La SA Banque CIC Est ajoute que M. [T] a été embauché par une société de gestion immobilière en qualité de commercial transactions et que son contrat de travail prévoit la perception de commissions mensuelles, ainsi qu'une gratification dite du 13ème mois. Elle en conclut que les gains possibles sont conséquents.

Or, M. [T] produit ses bulletins de paie pour l'année 2024, qui font apparaître un salaire mensuel d'environ 1 716 euros, primes incluses. Son avis d'impôt sur les revenus de 2023 mentionne des revenus de 23 104 euros, soit 1 925 euros environ par mois.

La société Banque CIC Est fait en outre valoir que M. [T] a acquis un immeuble, le 1er mars 2024. Néanmoins, celui-ci justifie qu'il doit faire face à trois emprunts, dont l'un, de plus de 57 000 euros qui, s'il ne peut être rattaché avec certitude au financement de l'acquisition immobilière précitée, n'en grève pas moins le patrimoine de M. [T]. Les sommes de 12 440.62 et 2 777.28 euros restaient dues au titre de deux autres prêts au mois de septembre 2024.
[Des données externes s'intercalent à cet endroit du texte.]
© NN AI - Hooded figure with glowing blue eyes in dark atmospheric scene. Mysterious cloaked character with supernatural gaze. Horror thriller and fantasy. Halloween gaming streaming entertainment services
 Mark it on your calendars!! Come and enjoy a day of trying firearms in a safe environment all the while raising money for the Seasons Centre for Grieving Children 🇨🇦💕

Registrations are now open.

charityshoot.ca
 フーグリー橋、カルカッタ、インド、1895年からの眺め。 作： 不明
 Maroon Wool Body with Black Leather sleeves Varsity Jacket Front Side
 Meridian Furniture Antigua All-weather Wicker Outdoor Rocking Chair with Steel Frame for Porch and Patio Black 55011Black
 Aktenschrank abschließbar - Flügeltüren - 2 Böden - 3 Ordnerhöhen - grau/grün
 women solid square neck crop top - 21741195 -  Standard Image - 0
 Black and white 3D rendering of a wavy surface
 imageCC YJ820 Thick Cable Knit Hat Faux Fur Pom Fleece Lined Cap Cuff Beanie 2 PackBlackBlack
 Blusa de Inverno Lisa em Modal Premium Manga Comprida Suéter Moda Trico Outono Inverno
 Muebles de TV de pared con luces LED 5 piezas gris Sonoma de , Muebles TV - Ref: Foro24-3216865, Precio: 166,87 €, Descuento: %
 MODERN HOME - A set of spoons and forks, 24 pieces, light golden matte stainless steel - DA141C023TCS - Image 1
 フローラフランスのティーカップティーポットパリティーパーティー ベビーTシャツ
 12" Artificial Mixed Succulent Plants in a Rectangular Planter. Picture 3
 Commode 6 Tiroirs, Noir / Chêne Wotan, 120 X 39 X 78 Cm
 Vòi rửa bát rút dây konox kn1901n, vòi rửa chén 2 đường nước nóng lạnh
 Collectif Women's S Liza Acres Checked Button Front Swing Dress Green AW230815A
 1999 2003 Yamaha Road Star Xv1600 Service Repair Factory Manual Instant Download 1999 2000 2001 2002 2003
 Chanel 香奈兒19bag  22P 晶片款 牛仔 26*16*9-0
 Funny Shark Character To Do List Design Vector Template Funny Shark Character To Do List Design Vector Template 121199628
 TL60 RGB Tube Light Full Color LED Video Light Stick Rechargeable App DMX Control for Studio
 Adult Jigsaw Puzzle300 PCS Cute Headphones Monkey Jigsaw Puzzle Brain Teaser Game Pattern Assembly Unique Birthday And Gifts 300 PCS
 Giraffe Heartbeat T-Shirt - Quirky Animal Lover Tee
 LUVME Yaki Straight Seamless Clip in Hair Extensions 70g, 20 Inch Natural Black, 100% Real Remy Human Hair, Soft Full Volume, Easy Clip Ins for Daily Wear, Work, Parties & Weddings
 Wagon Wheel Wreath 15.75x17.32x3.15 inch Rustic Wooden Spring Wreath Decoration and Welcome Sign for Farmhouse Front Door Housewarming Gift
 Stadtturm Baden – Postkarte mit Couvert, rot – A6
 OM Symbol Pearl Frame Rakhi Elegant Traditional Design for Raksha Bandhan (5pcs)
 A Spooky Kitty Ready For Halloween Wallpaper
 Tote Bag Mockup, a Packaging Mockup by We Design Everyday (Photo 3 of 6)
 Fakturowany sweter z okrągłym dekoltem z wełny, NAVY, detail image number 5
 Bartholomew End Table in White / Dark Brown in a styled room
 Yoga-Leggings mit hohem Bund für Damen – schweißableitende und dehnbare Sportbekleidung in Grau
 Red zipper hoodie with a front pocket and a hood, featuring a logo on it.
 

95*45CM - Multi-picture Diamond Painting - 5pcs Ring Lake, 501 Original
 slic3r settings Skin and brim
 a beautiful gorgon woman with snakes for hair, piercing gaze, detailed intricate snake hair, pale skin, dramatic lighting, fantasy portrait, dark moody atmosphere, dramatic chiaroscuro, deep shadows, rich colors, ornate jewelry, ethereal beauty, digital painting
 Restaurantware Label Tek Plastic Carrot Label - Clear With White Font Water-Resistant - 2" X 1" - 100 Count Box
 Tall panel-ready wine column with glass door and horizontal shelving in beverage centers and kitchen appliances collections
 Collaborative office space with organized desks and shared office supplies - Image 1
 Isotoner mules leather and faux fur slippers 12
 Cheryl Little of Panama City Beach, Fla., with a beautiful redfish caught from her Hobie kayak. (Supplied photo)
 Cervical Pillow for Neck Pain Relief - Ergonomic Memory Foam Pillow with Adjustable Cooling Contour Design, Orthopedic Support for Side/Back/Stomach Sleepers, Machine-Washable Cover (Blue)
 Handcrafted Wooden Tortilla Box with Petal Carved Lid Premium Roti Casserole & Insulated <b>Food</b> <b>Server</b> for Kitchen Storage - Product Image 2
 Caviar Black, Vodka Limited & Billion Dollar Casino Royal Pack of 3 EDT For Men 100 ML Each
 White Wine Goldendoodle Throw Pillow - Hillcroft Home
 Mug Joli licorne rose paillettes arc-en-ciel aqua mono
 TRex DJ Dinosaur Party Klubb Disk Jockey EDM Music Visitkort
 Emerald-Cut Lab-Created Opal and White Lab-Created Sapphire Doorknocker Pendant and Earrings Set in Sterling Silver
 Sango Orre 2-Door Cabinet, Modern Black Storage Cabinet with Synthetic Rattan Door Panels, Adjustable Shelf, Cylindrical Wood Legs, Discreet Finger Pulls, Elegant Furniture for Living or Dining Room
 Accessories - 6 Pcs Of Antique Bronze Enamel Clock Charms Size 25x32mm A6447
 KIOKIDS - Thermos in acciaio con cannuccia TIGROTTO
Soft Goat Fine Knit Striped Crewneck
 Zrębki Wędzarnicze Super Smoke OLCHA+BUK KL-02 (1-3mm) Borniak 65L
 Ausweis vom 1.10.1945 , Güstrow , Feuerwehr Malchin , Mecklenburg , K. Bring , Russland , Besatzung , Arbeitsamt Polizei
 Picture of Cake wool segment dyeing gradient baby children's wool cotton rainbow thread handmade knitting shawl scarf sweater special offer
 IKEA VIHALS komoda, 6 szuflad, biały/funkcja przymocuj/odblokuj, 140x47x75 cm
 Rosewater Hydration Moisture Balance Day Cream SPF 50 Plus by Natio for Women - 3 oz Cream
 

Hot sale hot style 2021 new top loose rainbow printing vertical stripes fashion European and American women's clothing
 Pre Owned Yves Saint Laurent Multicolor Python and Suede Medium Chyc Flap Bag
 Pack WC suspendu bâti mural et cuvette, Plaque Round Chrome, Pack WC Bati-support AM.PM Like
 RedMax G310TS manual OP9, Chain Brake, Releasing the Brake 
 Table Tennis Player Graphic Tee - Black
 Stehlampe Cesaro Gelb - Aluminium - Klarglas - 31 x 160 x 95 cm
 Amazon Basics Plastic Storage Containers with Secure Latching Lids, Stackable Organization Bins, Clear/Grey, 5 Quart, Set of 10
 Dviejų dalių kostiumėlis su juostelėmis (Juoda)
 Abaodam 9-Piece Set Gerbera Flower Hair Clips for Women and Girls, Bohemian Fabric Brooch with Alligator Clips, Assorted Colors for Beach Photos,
Il ne résulte pas de l'ensemble de ces éléments que le patrimoine de M. [T] lui permette à l'heure actuelle de faire face à la somme de 64 918.93 euros qui lui est réclamée au titre de son obligation.

En conséquence, la SA Banque CIC Est ne peut se prévaloir de l'engagement de caution de M. [T] et doit être déboutée de sa demande en paiement formulée contre ce dernier en exécution dudit engagement, le jugement étant confirmé de ce chef.

Sur le devoir de mise en garde

La banque est tenue à un devoir de mise en garde à l'égard d'une caution non avertie lorsque, au jour de son engagement, celui-ci n'est pas adapté aux capacités financières de la caution ou qu'il existe un risque de l'endettement né de l'octroi du prêt garanti, lequel résulte de l'inadaptation du prêt aux capacités financières de l'emprunteur.

Pour justifier de l'obligation qui pesait sur la société Banque CIC Est de l'alerter quant à un risque d'endettement excessif, M. [T] fait valoir les éléments mêmes qu'il a invoqués pour justifier du caractère disproportionné de son engagement.

Le préjudice résultant d'un manquement de la banque à son devoir de mise en garde de la caution consiste dans la perte de chance de ne pas contracter l'engagement de caution.

La disproportion du cautionnement a été précédemment admise et la banque ne peut se prévaloir de l'engagement de M. [T].

Celui-ci ne justifie pas de ce qu'un préjudice résultant du défaut de mise en garde qu'il invoque subsisterait pour lui après cette sanction.

Sa demande indemnitaire doit donc être rejetée, le jugement étant confirmé de ce chef.

Sur les dépens et frais irrépétibles

Le sort des dépens et frais irrépétibles de première instance a été exactement réglé par le premier juge.

La société Banque CIC Est, qui succombe en son appel, doit supporter les dépens de cette procédure et sa demande fondée sur l'article 700 du code de procédure civile est donc rejetée.

Il est équitable d'allouer à M. [T] la somme de 2 000 euros pour ses frais irrépétibles d'appel.

PAR CES MOTIFS,

La cour, statuant contradictoirement,

Confirme le jugement déféré en toutes ses dispositions,

Y ajoutant,

Condamne la SA Banque CIC Est aux dépens d'appel,

Condamne la SA Banque CIC Est à payer à M. [N] [T] la somme de 2 000 euros pour ses frais irrépétibles d'appel,

Déboute la SA Banque CIC Est de sa demande fondée sur l'article 700 du code de procédure civile.